Stretching Your Free-Explore Preschool Centers: Inexpensive Add-Ons that Extend Interest

It's happened to the best of teachers.  You set out a new and exciting free-explore center for your students - let's say a new sensory table.  When you first open it, it's all the rage.  Your students crowd the center, excited for a turn to play there.  They ooh and ahh about all the discoveries they find there.  But then, after a week or so, you notice the the visitors at that center are dwindling.  Many days it stands unvisited, all of its sensory splendor going un-sensed.

What's a teacher to do?  Center items like the objects in a sensory table can be time-consuming to change frequently.  Plus, it can be expensive to fill a sensory table well, and most teachers can't afford to change them out too frequently.  As a result, you find yourself looking for ways to "stretch" these centers and find ways to extend your students' interest (and learning) in and from them.
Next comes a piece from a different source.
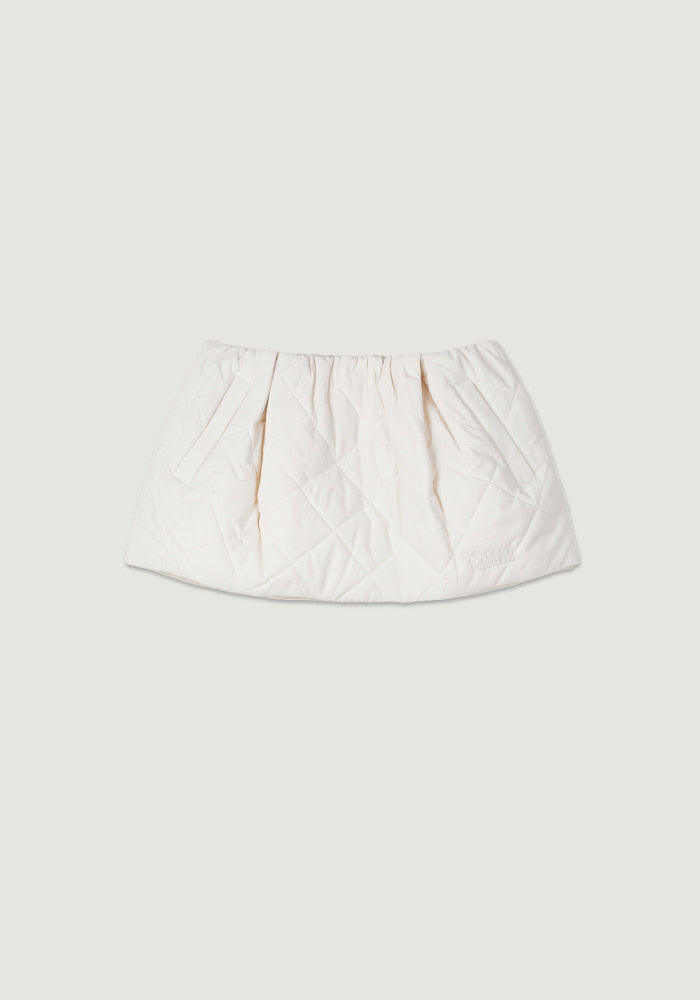 Grove 26Wt Noel Quilting Skirt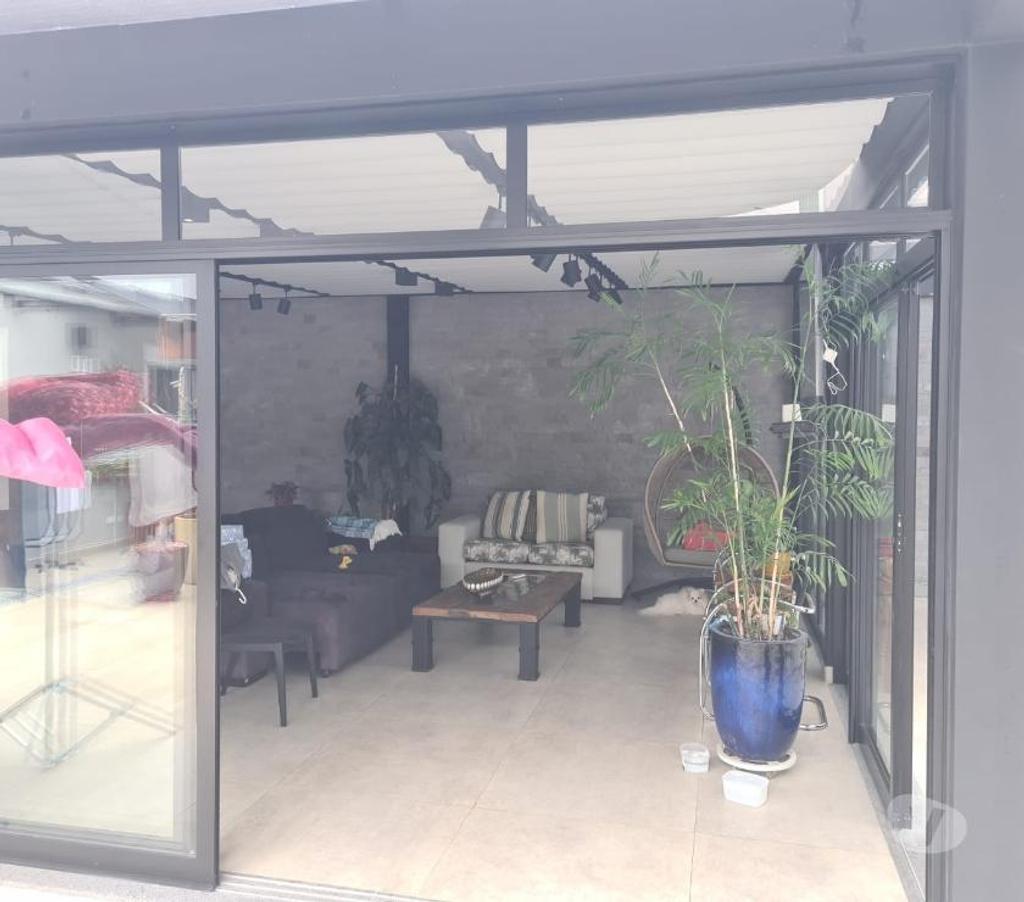 Apartamentos a venda Sao Jose dos Campos SP - Fotos para VENDO SOBRADO COM 03 SUÍTES NO CONDOMÍNIO AQUARIUS II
Obviously, you could just change out one or two small items in the mix to make it more interesting, but I find one of the easiest and cost-effective ways way to extend learning in many of my centers is through containers.  I have found that adding different types of small buckets, boxes, or even cups sudden provoke a renewed interest in a center.  Most times, the center finds some new life in these containers, which are not just another type of object, but instead promote new ways to play and learn.  These new ways are the skills of sorting, classifying, quantifying and plain arranging and rearranging.  For example, in my fall Sensory table, the Little People might decide sort the fall flowers into one container and the fall berries into another.   They might sort the containers out by color among two friends, and each friend gets to fill their own group of containers up.  I even had one Little Person today insist on stacking up the cups in a pattern today at the end of Center time, although I'm guessing that this was more of an avoidance (of cleaning up) tactic than it was a compulsory need to create a pattern.

Here are some of my favorite containers:

The cups found above were found in the current Target Dollar spot.  I think of them as "oatmeal" sized, and they come in wonderful fall colors:

Here they are with their green dot, showing what a bargain they are:

There were also in dollar area at Target:

They come in a package of three:

They even fold flat, which I think is a complete bonus:

I find these at the Dollar Tree.  I believe there are about 10 in the package.  The lids are easy enough for most of the Little People to open and close alone, which leads to all kinds of sorting, filling and stacking:


I also love these glittery containers from the Dollar Spot.  However, they are more expensive, at $1 each.  But oh - so much glitter!

I do also love this Target Dollar Spot bag for its cuteness and its fall theme.  However, in my experience, containers like this almost beg the children to take the materials out of the sensory table and carry them off somewhere else in the room.

See:

Maybe it's the handle.  I don't know.  But since I don't like rounding up all of these little sensory caches around the room, I avoid these containers.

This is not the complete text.